A visit to Town Creek Indian Mound offers a glimpse of pre-Columbian life in Piedmont North Carolina. The visitor center contains interpretive exhibits, as well as audiovisual programs that bring alive a rich cultural heritage from the buried past. Self-guided tours of the rebuilt structures and mound and other group activities are available.
Town Creek State Historic Site has been the focus of a consistent program of archaeological research under one director for more than half a century. Research and education are both equally important at Town Creek.
For more than a thousand years, Indians lived an agricultural life on the lands that became known as North Carolina. About the 11th century A.D., a new cultural tradition emerged in the Pee Dee River Valley. That new culture, called "Pee Dee" by archaeologists gave rise to complex societies.

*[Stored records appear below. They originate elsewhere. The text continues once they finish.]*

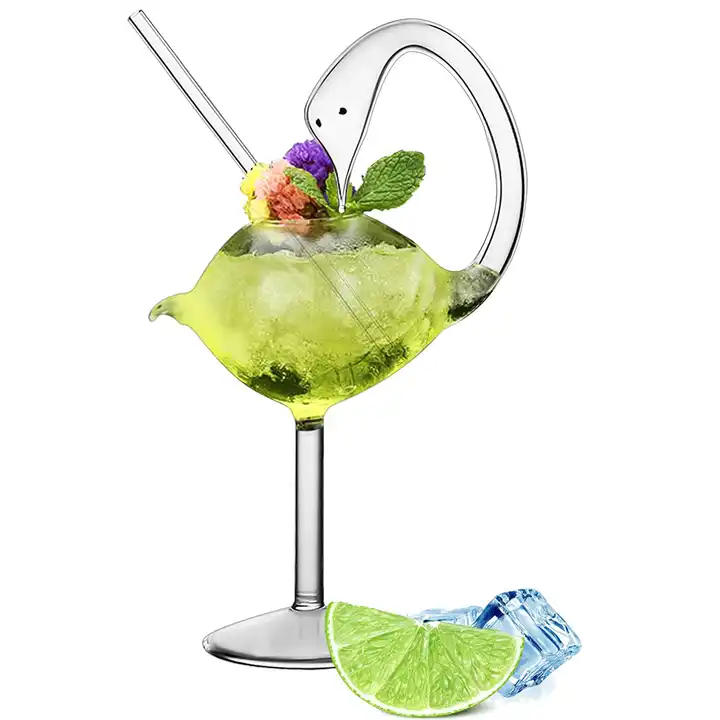 Swan Cocktail Glasses Creative Drinking Glasses Unique Wine Glasses Margarita Glass Goblet Suitable for Cocktail,Wine,Martini,Tequila Great for Home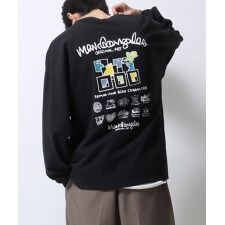 【インパクト抜群のグラフィック】 バックプリント 袖プリント 長袖 デザインTシャツ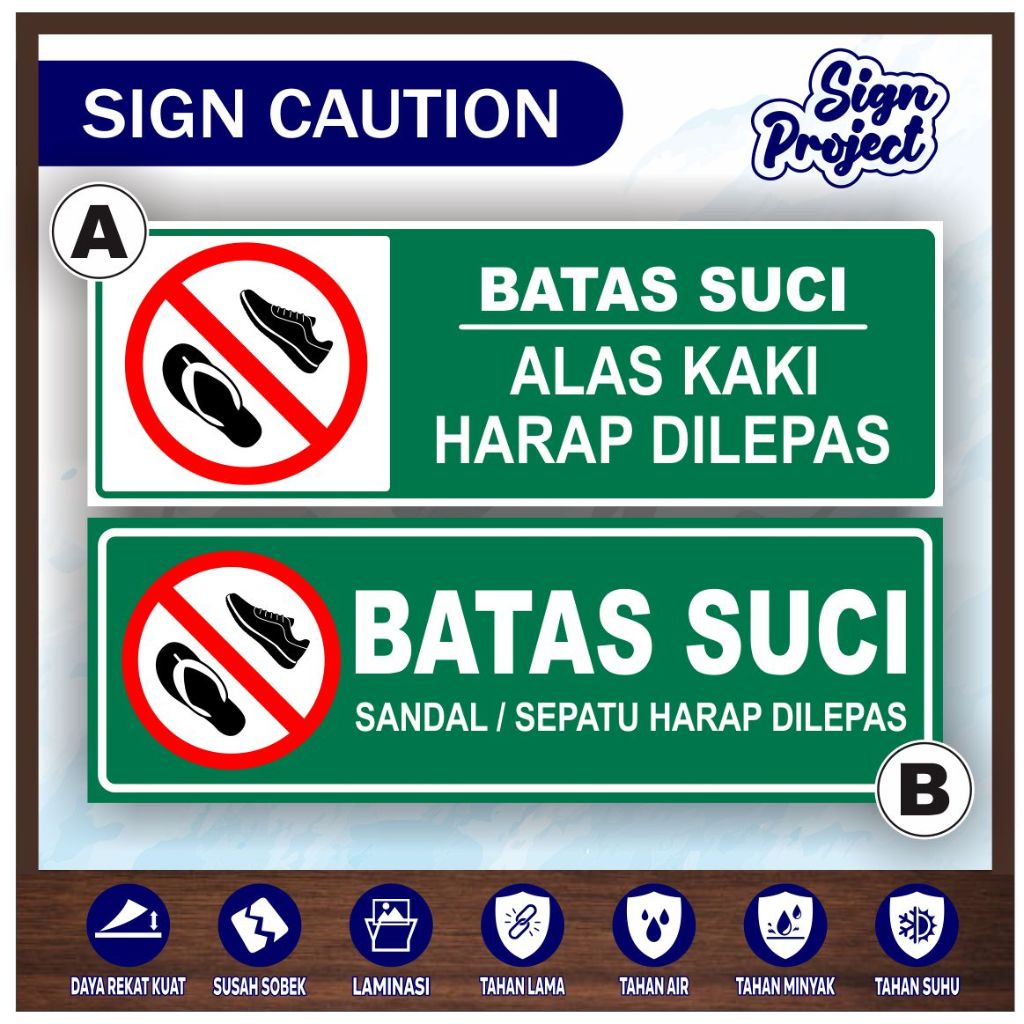 

stiker vinyl anti air BATAS SUCI SEPATU SANDAL DILEPAS/STIKER BATAS SUCI ALAS KAKI HARAP DILEPAS/Stiker batas suci alas kaki harap dilepas / sticker batas suci masjid mushola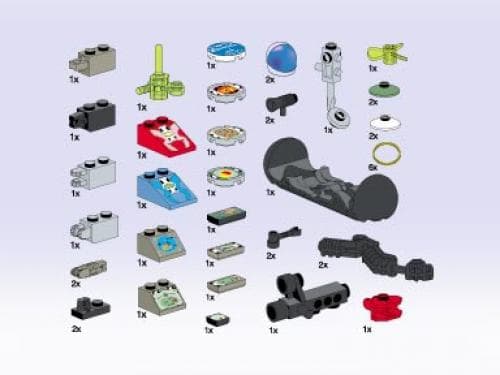 LEGO 3750 Life On Mars Accessories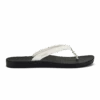 OluKai ‘Uiki - Bright White / Lava Rock -OluKai 20537 WBLR 001 W UIKI BrightWhiteLavaRock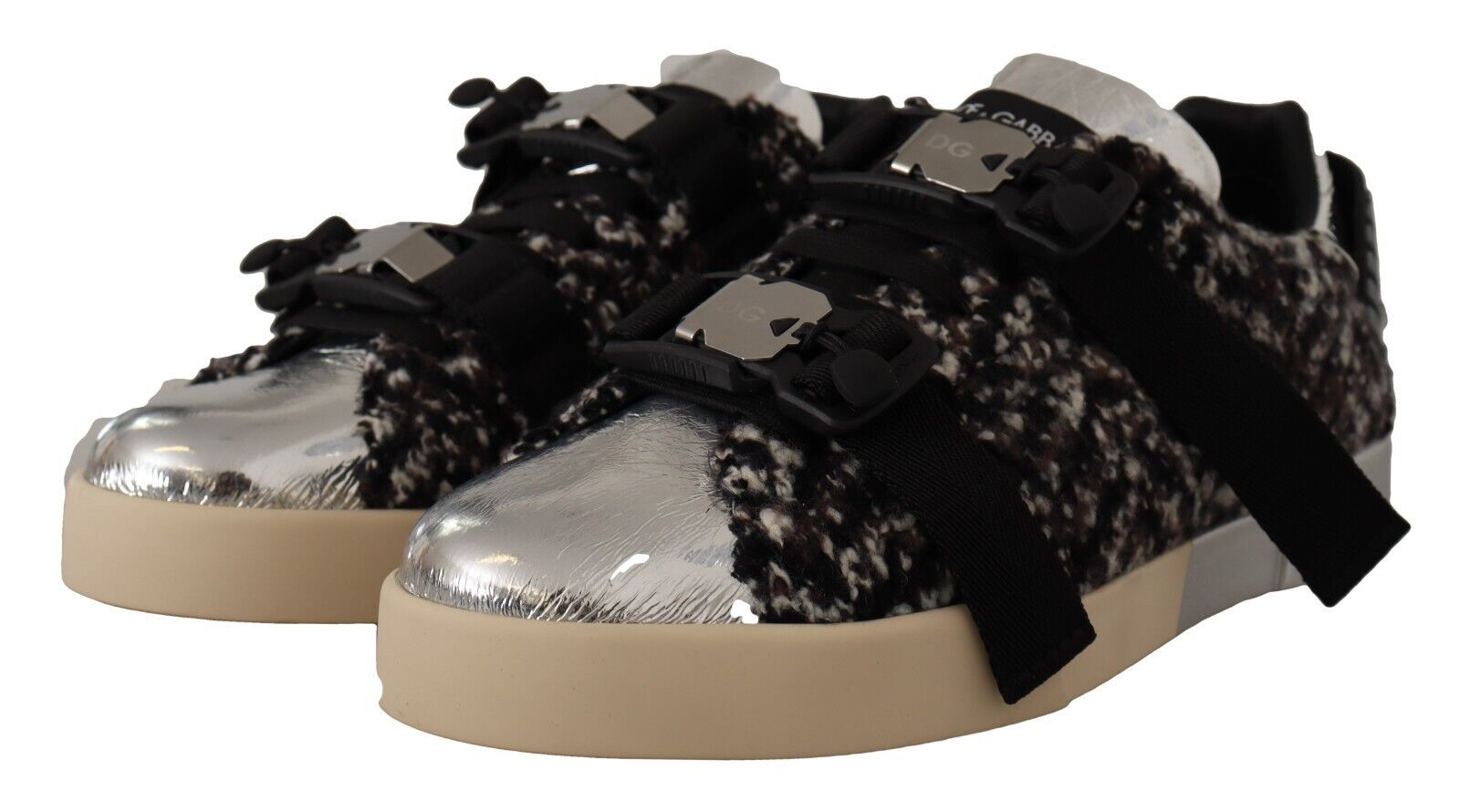 Sneakers in pelle Silver Elegance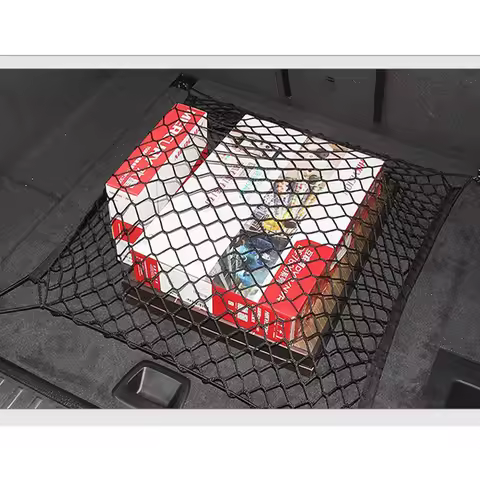 For Audi A4 B9 B8 A3 8Y 8P 8V A5 A6 Q3 Q5 Q7 Car Trunk Net Luggage Nylon Mesh Truck Storage Organize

These inhabitants built earthen mounds for their spiritual and political leaders, engaged in widespread trade, supported craft specialists, and celebrated a new kind of religion.
Pee Dee culture represents a regional expression of South Appalachian Mississippian culture that interacted and evolved with other centers located throughout the Southeast. Indians of the Pee Dee culture established a political and ceremonial center on a low bluff overlooking the confluence of Town Creek and Little River. In addition to being a major habitation spot, the Town Creek site served as a place for discussion of matters important to the collective clans of the tribe. In this way, it was the setting for significant religious ceremonies and feasts, which often lasted several days. There many socially high-ranking members of the tribe lived, died, and were buried.
The burial house on site now is a round reconstruction of a burial house built on this location over 600 years ago. The size and shape of the building were based on evidence gained through scientific archaeological excavation. The outer walls were made of upright posts covered with wattle and daub. The roof was made of poles lashed together and covered with straw thatching on the outside, and river cane on the inside. A small central hearth provided light and warmth for visitors to the burial house. Other similar structures may have been located within the stockaded walls. Each clan or extended family group may have had its own burial hut.
A temple is reconstructed here as well.